For example, The NT says to hate your mother and father. Now I understand the difference context makes, and that passage is in relation to Christ, but it still does not elevate family. Other passaged however do elevate family. It requires a lot of cherry picking for me.
The Trinity has Persons with family names > Father and Son.
My personal take about "hating" my mother and father is this means for me to get rid of anything in me which is a selfish personality way that I picked up from my parents. But there are good things I have gained because of my parents, and I would say Jesus does not mean for me to get rid of these. But do make good use of things. And do not put pride in things which can be good, but humble it all.
"Hate" might mean, then, to humble myself with all I have gotten through my parents. I think of this, right now.
So . . . thank you for making me think, this early in the morning lololololololol
1 Timothy 3:1-10 to me means God wants an experienced family man to be a pastor. His seminary has been his home, his wife his main professor to help him find out how to love and care for people, in God's family caring and sharing way. Our Apostle Paul has given these standards.

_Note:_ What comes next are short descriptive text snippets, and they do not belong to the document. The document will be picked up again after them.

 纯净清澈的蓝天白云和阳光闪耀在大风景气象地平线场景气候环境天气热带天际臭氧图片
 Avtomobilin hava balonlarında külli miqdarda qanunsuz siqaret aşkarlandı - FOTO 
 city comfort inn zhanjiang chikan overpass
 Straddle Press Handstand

But, of course, ones claim Paul is anti-woman. But I will offer 1 Thessalonians 2:7 which says Paul and Silvanus and Timothy related with the Thessalonians
"just as a nursing mother cherishes her own children." So, from this I can see how maybe these great men learned how to love with the help of Christian women and how they took care of their children.

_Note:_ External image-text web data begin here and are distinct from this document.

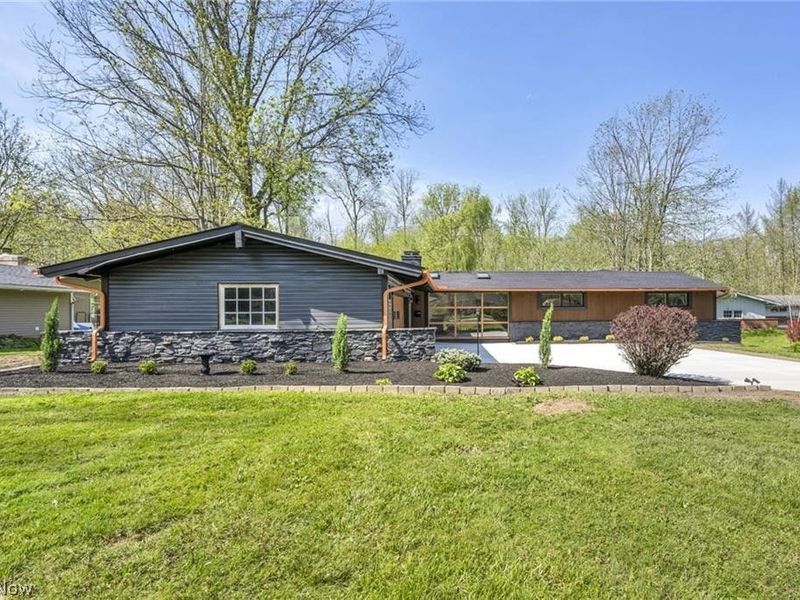 36265 Timberlane Drive, Solon, OH 44139 Photo 1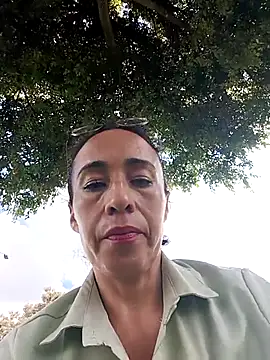 Coeur de luxure online show from November 30, 3:24 pm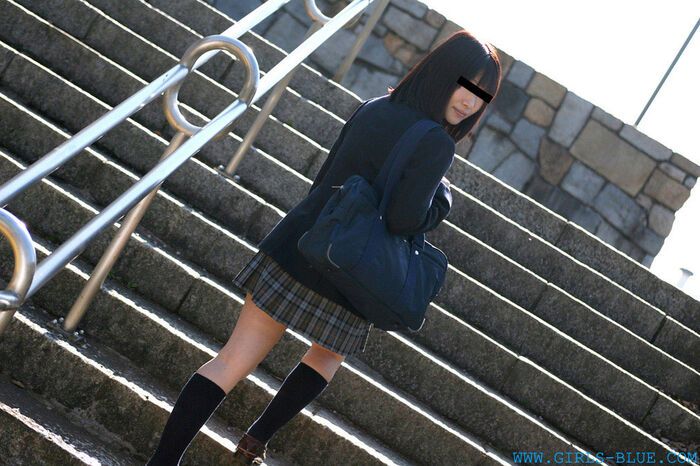 The eroticism of the POV shot where the black haired high school girl with E cup big breasts plays the man's mischief is extraordinary [30 photos] 24th image
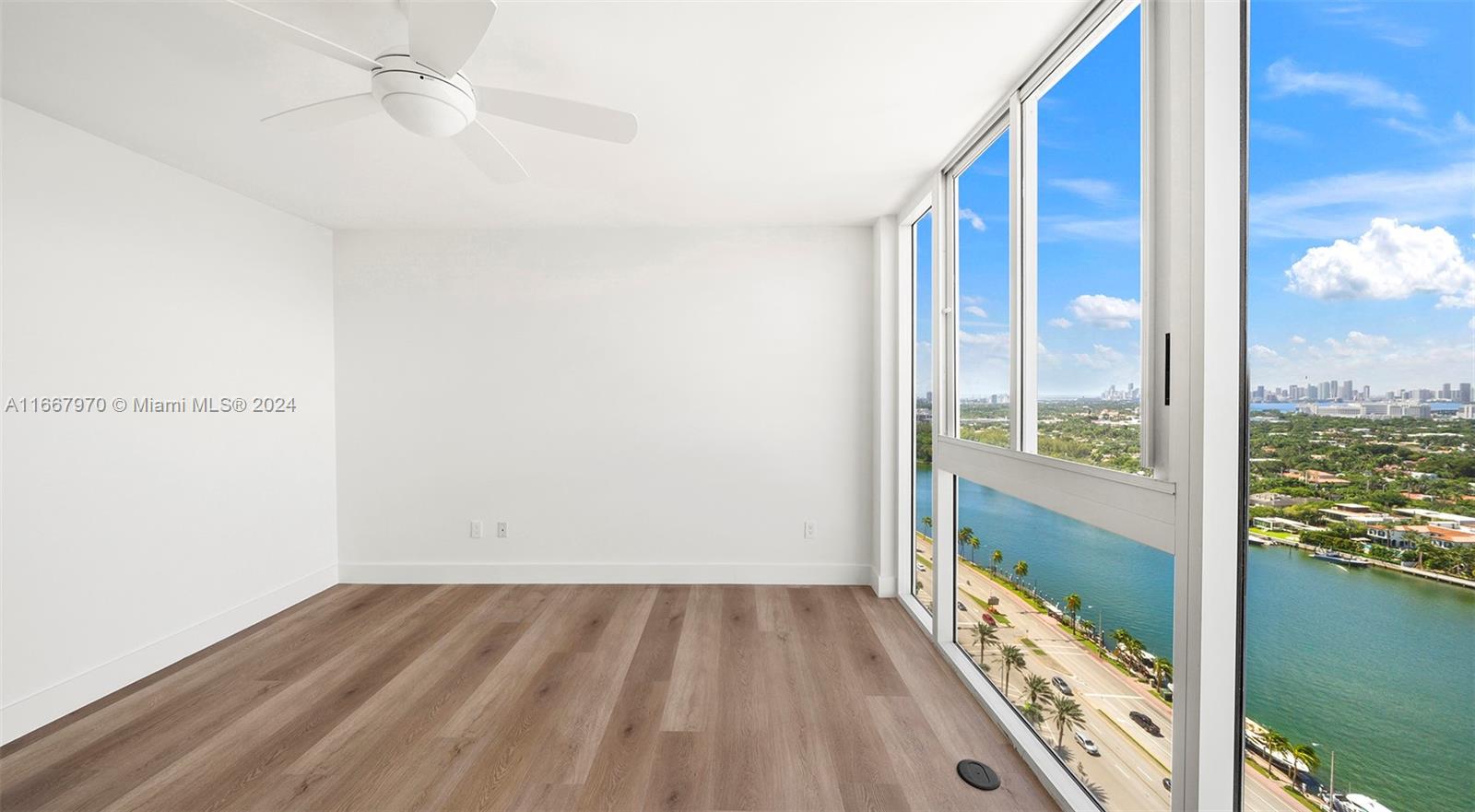 4779 Collins Ave #2407, Miami Beach FL 33140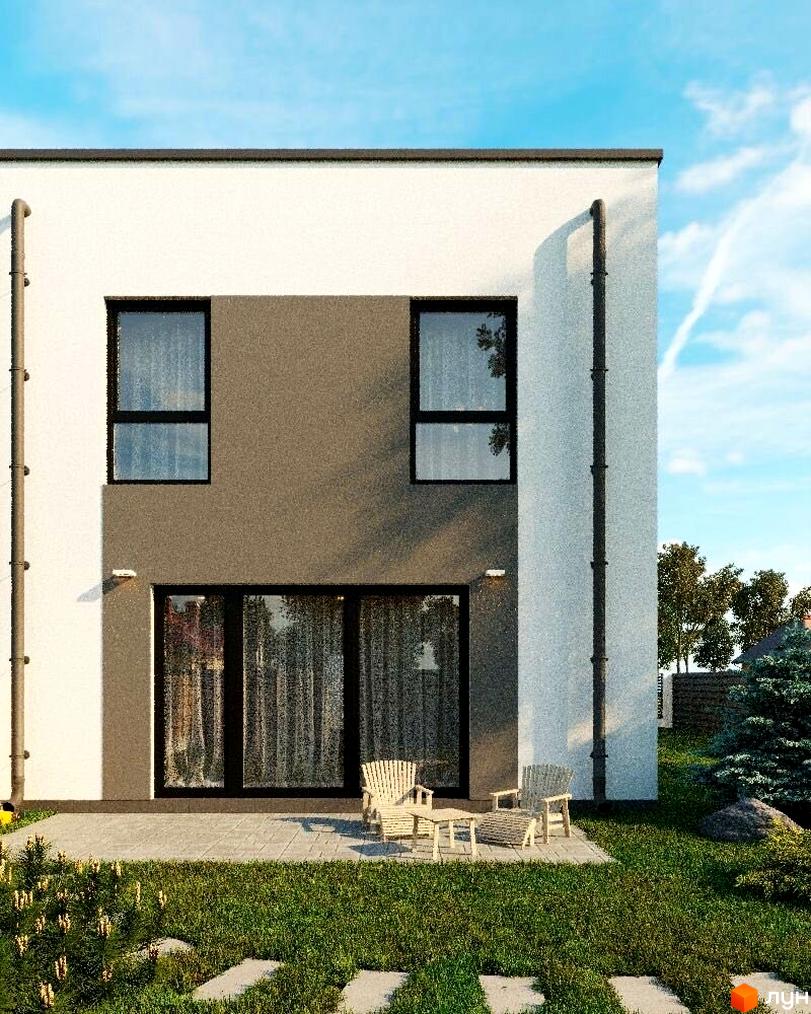 Таунхауси Sttk #9: двоповерховий будинок з сірою вставкою, великими вікнами та терасою з двома кріслами та столиком. Зелена галявина з доріжкою з плитки.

Now I think of this > Jesus says,
"if you love those who love you, what reward have you?" in Matthew 5:46.
We humans can have a way of only loving those we can use and possess. Families, then, can be little in-crowds so they do not love any and all people the way God wants. But Jesus wants us to become all-loving and ready to adopt others who have trusted in Jesus, so we can help each other grow in how God has us loving. So, hating our own family members can mean we stop loving them in our selfish way and possessive and exclusive ways, but love them along with any and all people, as ourselves.
With Jesus, we adopt and discover others who are with God our Father, and these are our brothers and sisters, in His love family all-loving, not only loyal to a few others and maybe with some code of silence to cover up wrong things. But we help one another to get rid of wrong things which are anti-all-loving, like can be in families.
In my case, I think my family was white upper-middle class; we were not racist, but I think we had exclusive ways which effected how we related with various people, while my parents had an in-crowd for parties and tennis. And from this I picked up that it was fine to judge women by what they looked like, and I could bully kids who were less popular in school > my parents could talk down about certain people; so I maybe took that further to find it was ok to also bully kids who were talked down upon in school > obviously my parents did not approve of that, but my bullying could have been a step from how they could do things in their conceit . . . something Jesus would mean for me to hate, so I now can see this and invest in becoming more of an all-loving person with more and more adopted love-family people.
And so, Jesus is not really anti-family, but pro-bigger-family!